• TRY IT: Retype only the lines below from the one with "Finally, we calculate" to the one with "Now if you just", inclusive, skipping every image.

Records contained in a dataset:
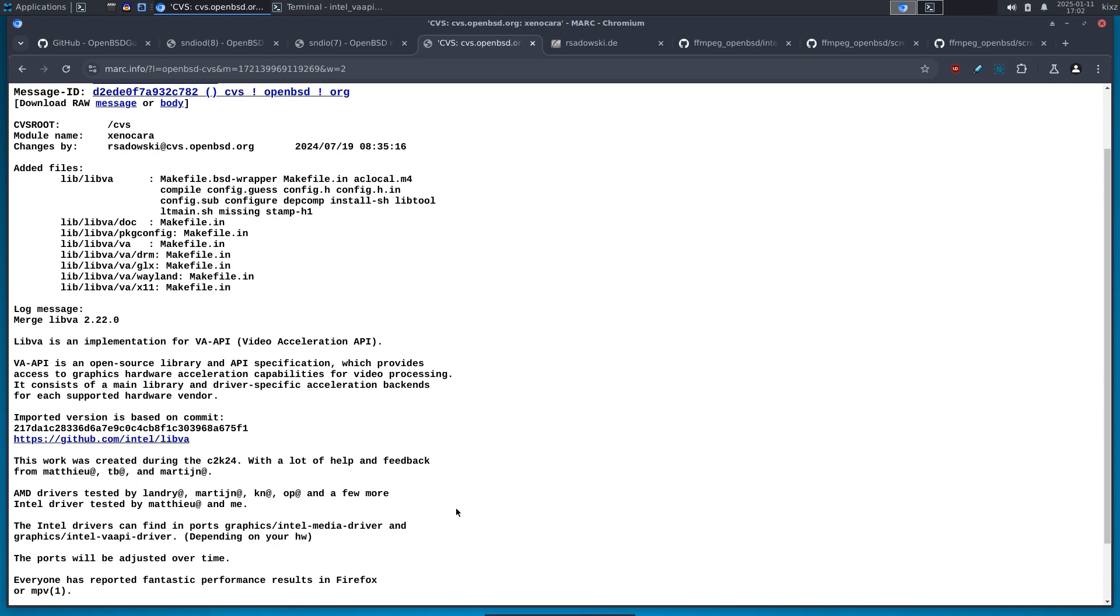So who knows, maybe 2025 is the year of OpenBSD desktop by contrast of the Linux. I'm just joking. We know that never happens either on OpenBSD or Linux, but you know, they said never say never.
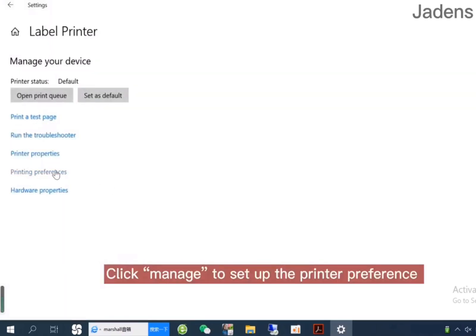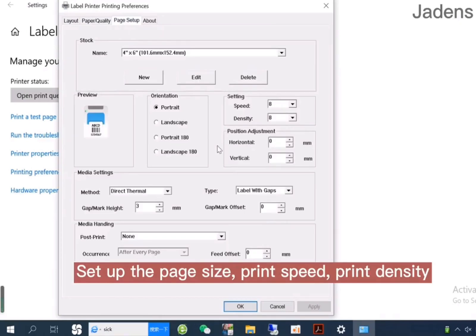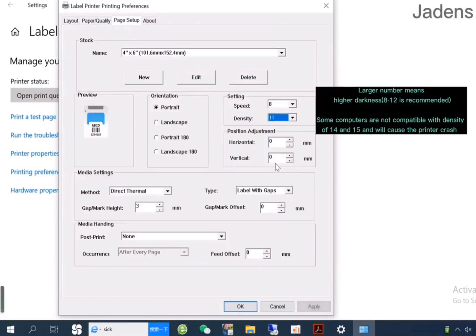Click Manage to set up the printer preference. Set up the page size, print speed, and print density. Larger number means higher darkness. 8 to 12 is recommended.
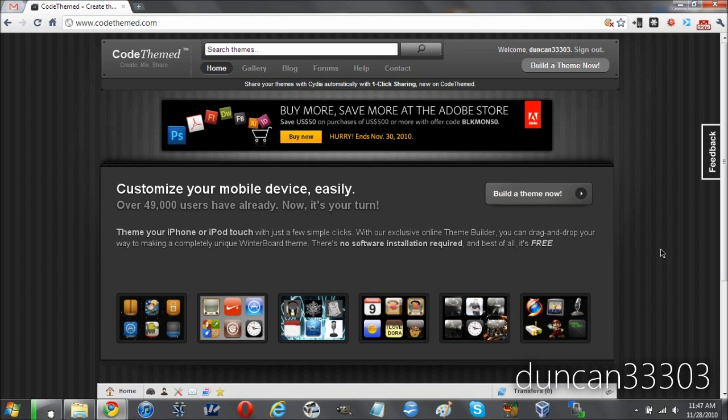Hey guys, so today I'm here with an overview of the latest Code Themed update. As most of you probably know, I'm a big fan of Code Themed. It's probably the best website, well it's probably the only website that allows you to create full custom winterboard themes straight from the website.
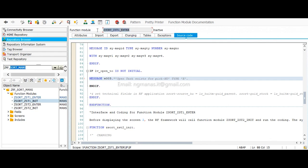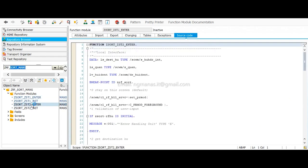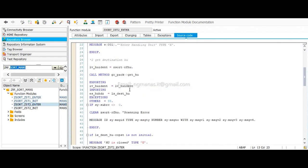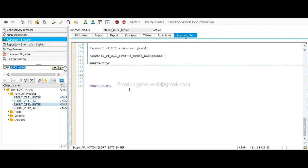This is the enter function module, this is one function module, this is the second function module, this is the third function module. Inside this function module, I wrote the coding.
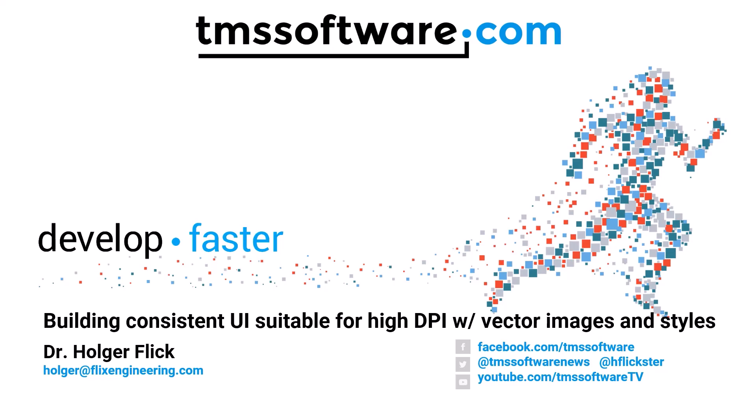Welcome to the session building consistent UI suitable for high DPI with vector images and styles. I abbreviated the title a little bit to the essentials, but what is given in the official schedule is still valid.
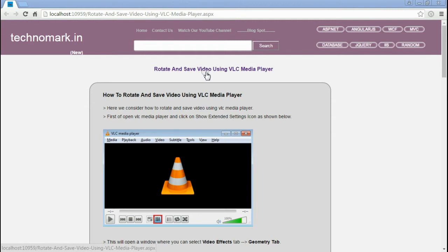Today we consider how to rotate a video using VLC Media Player and then save it as a new video file.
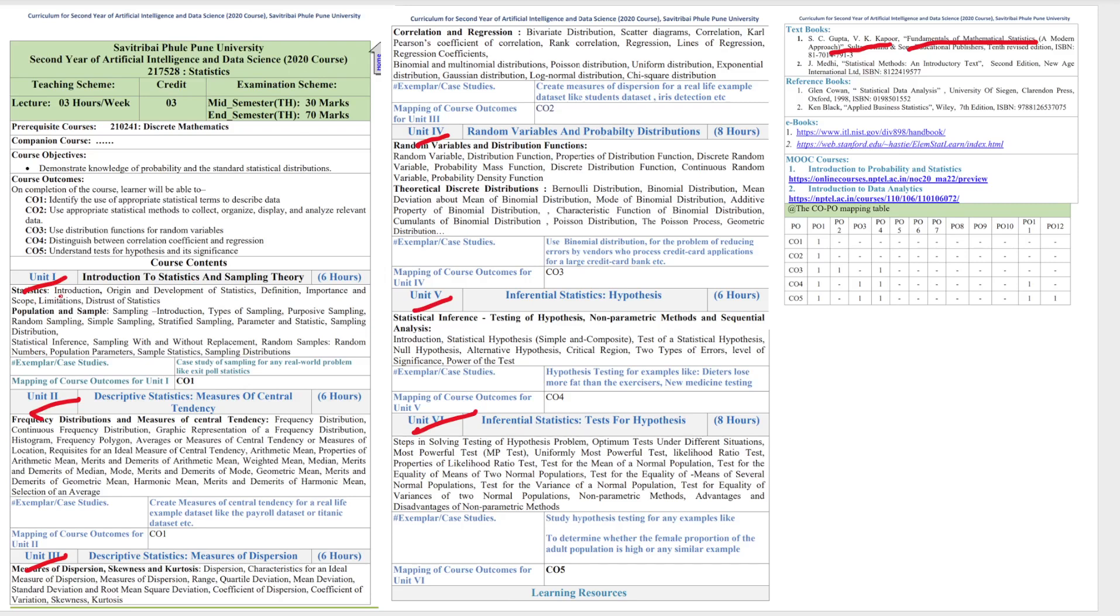The first part will cover Introduction, Origin, Definition, Important, Limitations and Distrust of Statistics. We will cover all this in the next video. Okay, that's it for today. Thank you.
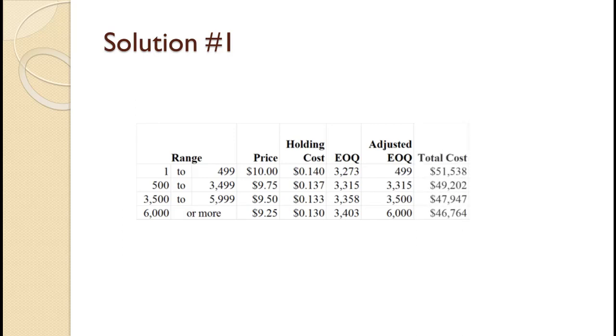Finally, we calculate the total cost for each price category using its associated holding cost and adjusted EOQ value. Those calculations were covered in detail in the total cost tutorial and are not covered here. The resulting total costs are shown on the slide.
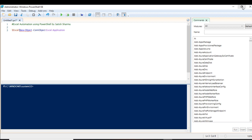Now if you just type this and start creating workbooks or worksheets, they will be created but everything will be in the background. If you run the script, you will not see the Excel sheet on screen.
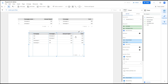Once those fields are added, we can start merging them and handle any null values that may appear. To merge fields, we will use a calculated field.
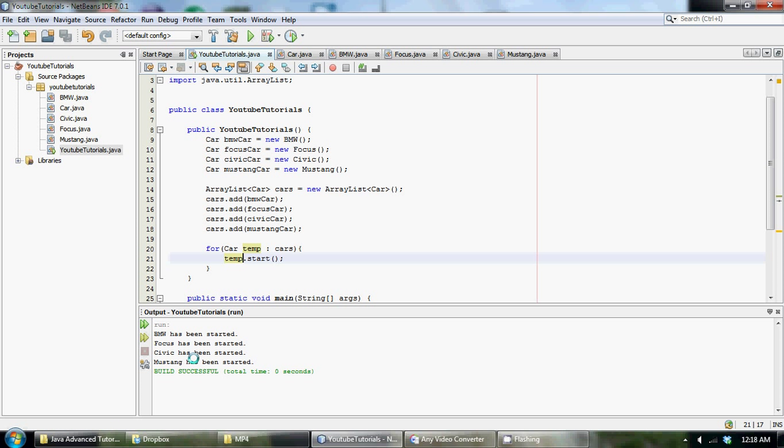So a quick little recap here of what we did, we have four classes here, all of different types of cars, and we have our general car class, which is our super class, that is inherited by each of the different individual cars.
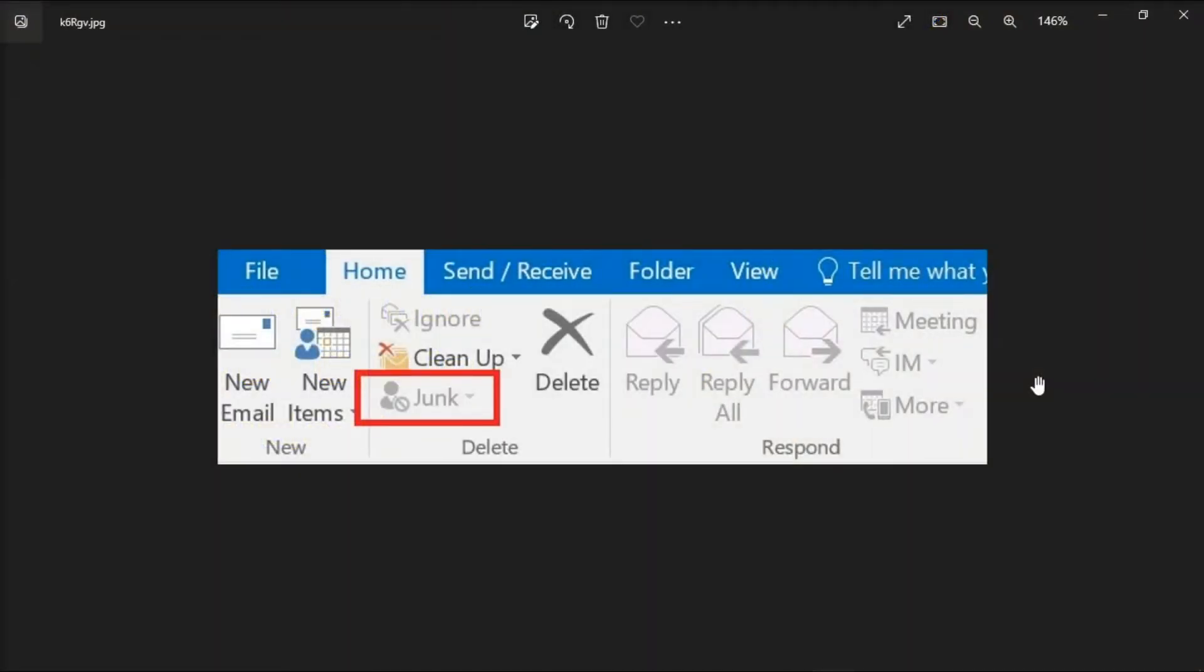Microsoft Outlook may sometimes fail to load the junk option, and the option may be grayed out like this. When this happens, you are not able to access the options to block email or access the junk email settings. If you're looking for a way to fix this, you can watch this video to troubleshoot the problem.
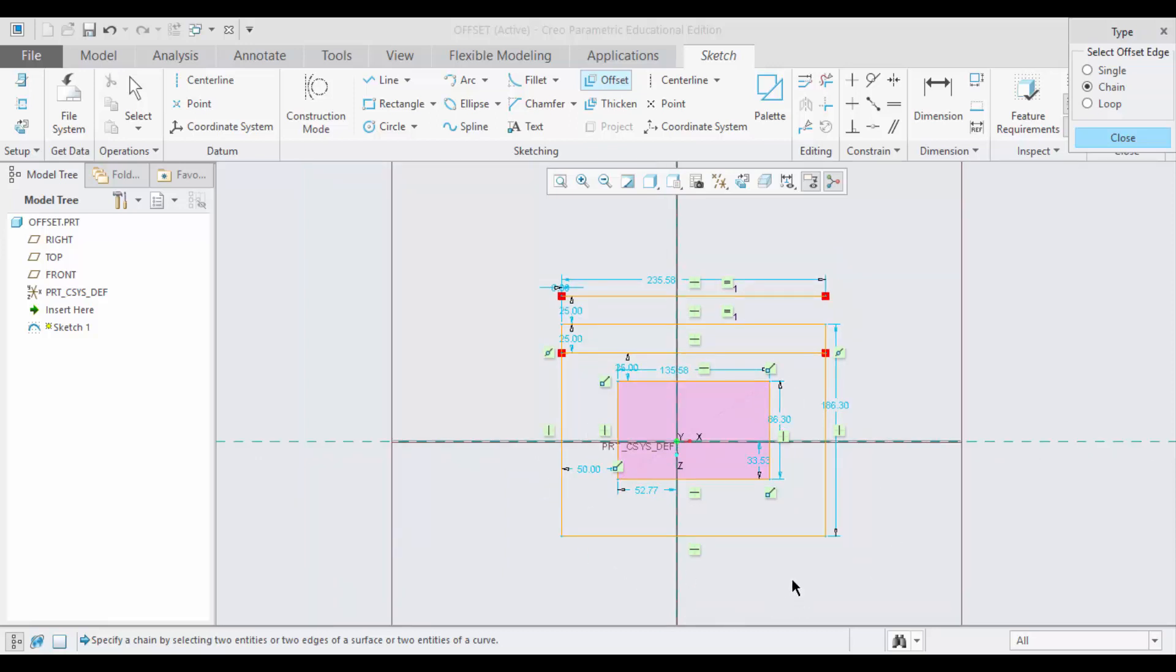Now you will see two rectangles. The entire rectangle has been offset based on 50. So here we can see there is a distance of 50.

• SOLUTION TO THIS EXERCISE:
Finally, we calculate the total cost for each price category using its associated holding cost and adjusted EOQ value. Those calculations were covered in detail in the total cost tutorial and are not covered here. The resulting total costs are shown on the slide.
Now if you just type this and start creating workbooks or worksheets, they will be created but everything will be in the background. If you run the script, you will not see the Excel sheet on screen.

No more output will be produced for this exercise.